Di Indonesia, sejak jaman dahulu telah banyak di antara keturunan Arab Hadramaut yang menjadi pejuang-pejuang, alim-ulama dan da'i-da'i terkemuka. Banyak diantara para Walisongo adalah keturunan Arab atau merupakan murid dari wali-wali keturunan Arab. Sampai saat ini, peranan warga Arab-Indonesia dalam dunia keagamaan Islam masih dapat terasakan. Mereka -- terutama yang merupakan keturunan Nabi Muhammad SAW -- mendapat berbagai panggilan (gelar) penghormatan, seperti Syekh, Sayid, Syarif atau Habib dari masyarakat Indonesia lainnya.

Di samping tokoh-tokoh agama, banyak pejabat negara dan tokoh terkenal Indonesia masa kini yang leluhurnya berasal dari Hadramaut. Nama-nama mereka antara lain:

Ritual ziarah

Di Hadramaut, banyak pemimpin agama yang makamnya diziarahi. Demikian banyaknya jumlah mereka, hingga bila ada seseorang dari Jakarta yang tinggal selama 40 hari di Hadramaut, belum tentu dapat menjangkau seluruh tempat ziarah yang ada.

Tempat ziarah yang paling terkenal adalah "Qabr Hud", yang menurut kepercayaan orang Hadramaut adalah makam nenek moyang mereka, Nabi Allah Hud AS. Qabr Hud terletak di sebuah lembah, dan terdapat sebuah masjid berdekatan dengannya. Setiap tanggal 11 Sya'ban tahun Hijriah, tempat ini banyak didatangi para penziah. Mereka bukan saja berasal dari Hadramaut, melainkan juga dari berbagai negara yang 'memiliki' banyak keturunan Hadramaut. Mereka biasanya tinggal di gedung-gedung bertingkat tiga yang hanya digunakan pada saat acara ziarah. Pada hari itu juga ada pasar raya, yang suasananya kira-kira seperti upacara Sekaten di Yogyakarta.
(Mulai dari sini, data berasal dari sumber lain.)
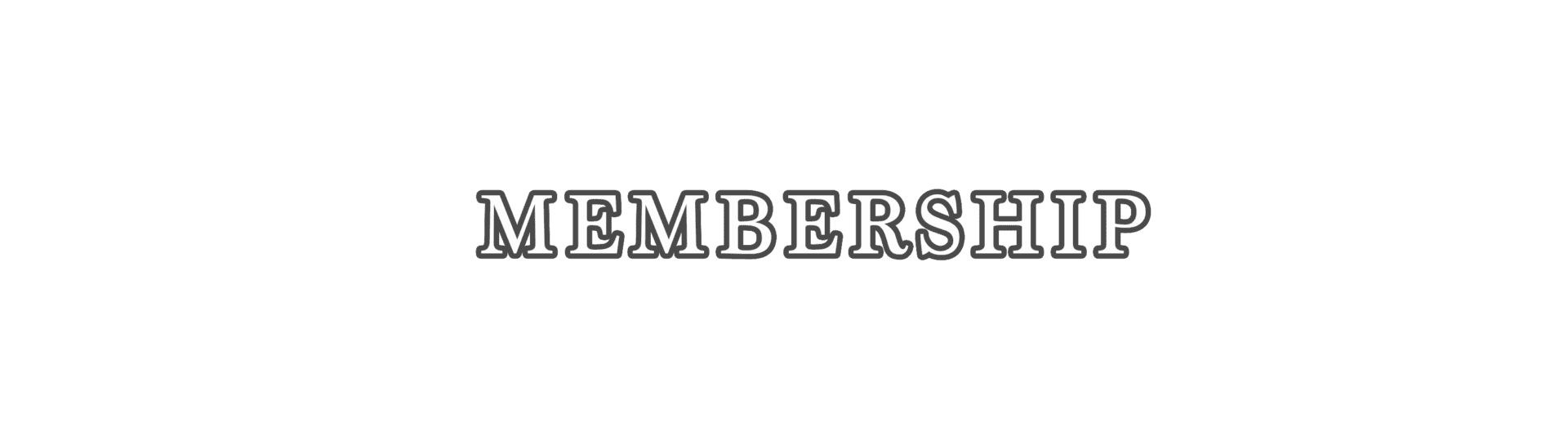 A green background with the word " membersh ".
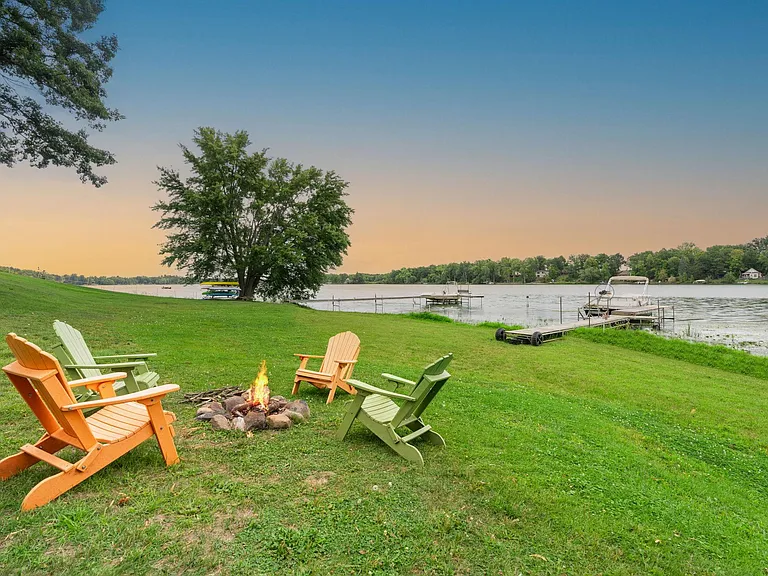 Shared grounds, firepit.
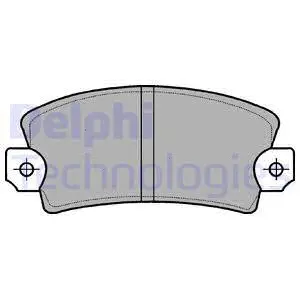 Brake Pad Set, disc brake (LP56)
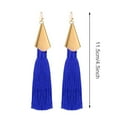 thumbnail image 2 of Fiudx Pendientes de Estilo Nuevo, Pendientes Largos con Borlas y Estilo Invernal., 2 of 2
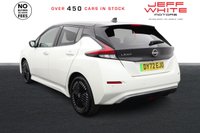 USED 2022 72 NISSAN LEAF 39kWh Tekna 5dr Auto (APPLE CAR PLAY, FULL LEATHER) 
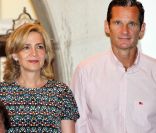 Cristina d\'Espagne et son époux au club nautique de Majorque. Le 4 août 2011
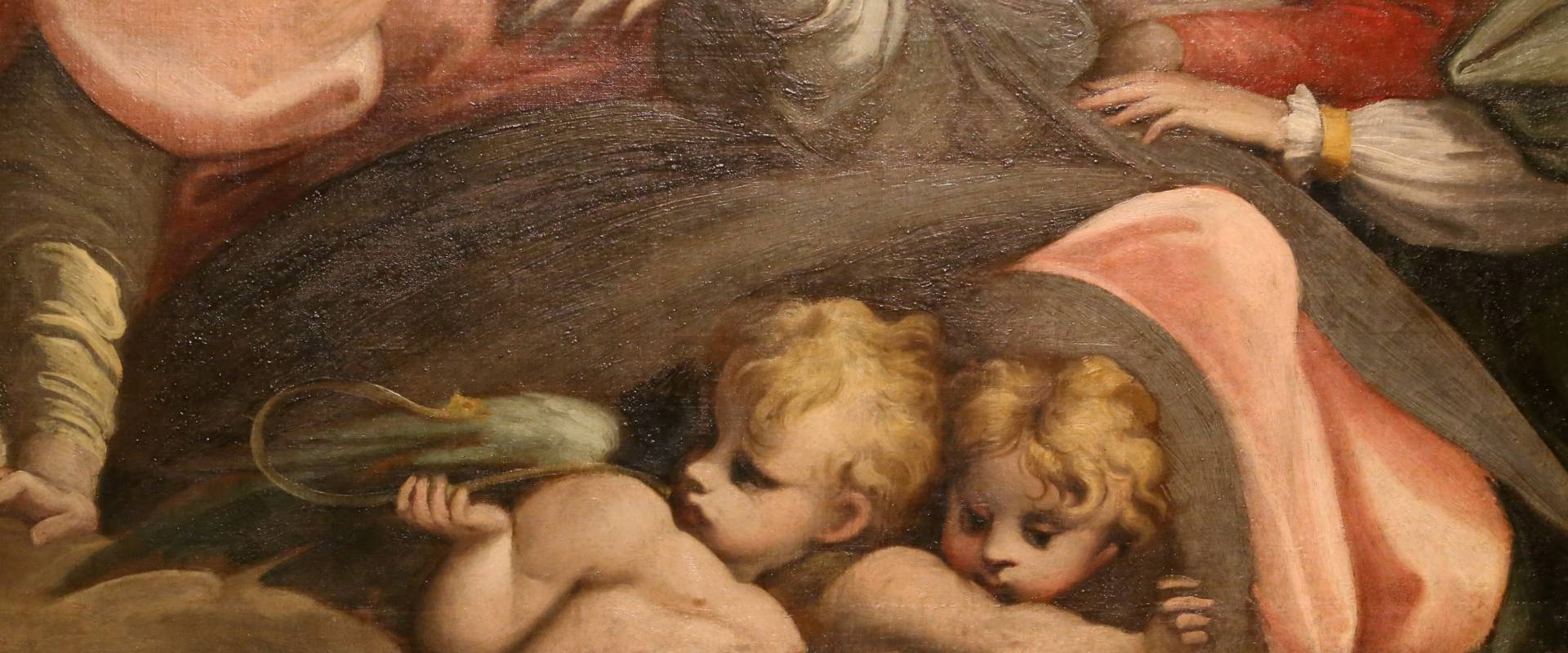 Parmigianino (ambito), matrimonio mistico di santa caterina d'alessandria, 1524 ca. 04 angioletti foto di Sailko
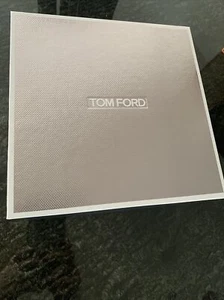 TOM FORD Bellissima Scatola Portaoggetti Regalo Piccola Presentazione Argento Nuova Sigillata - Foto 1 di 6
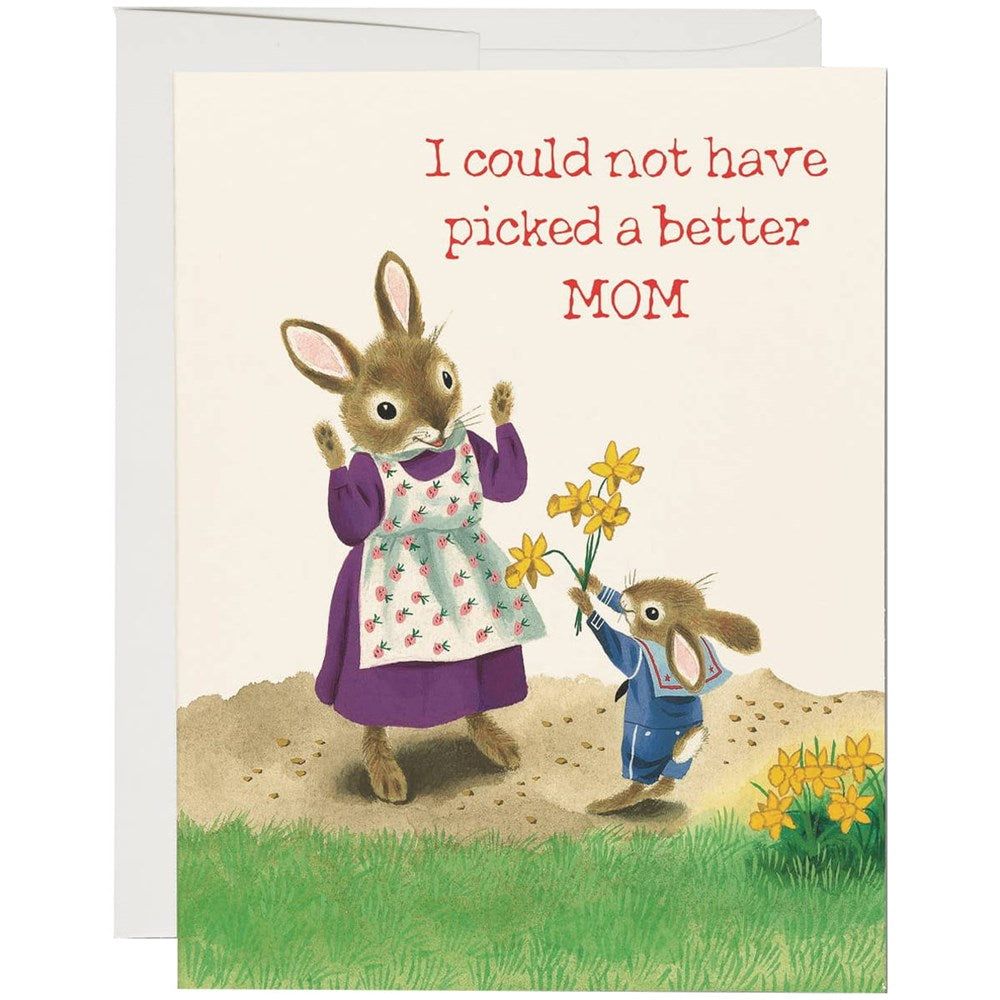 Richard Scarry Daffodil Mom Greeting Card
Menurut tradisi, untuk ziarah ini para peziarah sebaiknya mandi terlebih dahulu atau minimal berwudhu di telaga Hud; yang terletak di bawah makam Nabi Hud. Selama tiga hari, kepemimpinan ziarah di Qabr Hud dilakukan secara berganti-ganti. Hari pertama dipimpin munsib Alhabsji, hari kedua oleh munsib Shahabuddin, dan terakhir yang paling meriah dipimpin oleh munsib Binsechbubakar. Begitu meriahnya akhir ziarah ini, hingga peluru-peluru dihamburkan ke udara. Upacara itu dilakukan oleh para pengawal Binsechbubakar, yang dikenal berpengaruh di Hadramaut.

Nama-nama marga

Nama-nama marga/keluarga keturunan Arab Hadramaut dan Arab lainnya yang terdapat di Indonesia, antara lain adalah:

  • Abud - Alatas - Alaydrus - Albar - Algadrie - Alhabsji - Alkatiri - Assegaff - Attamimi
  • Ba'asyir - Badjubier - Bahasuan - Basyeiban - Baswedan - Bawazier - Binsechbubakar
  • Haneman
  • Jamalullail
  • Thalib
  • Shahab - Shihab - Sungkar

Trivia

  • Yang Dipertuan Agung Malaysia sekarang ini adalah juga tokoh dari marga Jamalullail, yang leluhurnya berasal dari Hadramaut. Demikian pula dengan Menteri Luar Negeri Malaysia, Syed Hamid Albar.
  • Mantan Perdana Menteri Timor Leste dan tokoh sentral partai Fretilin, Marie Alkatiri, adalah juga keturunan Hadramaut.
  • Di Arab Saudi, banyak keturunan Arab Hadramaut yang menjadi pengusaha-pengusaha sukses, seperti marga-marga Bin Laden (keluarga Osama Bin Laden), Bin Mahfud, dan Nahdi.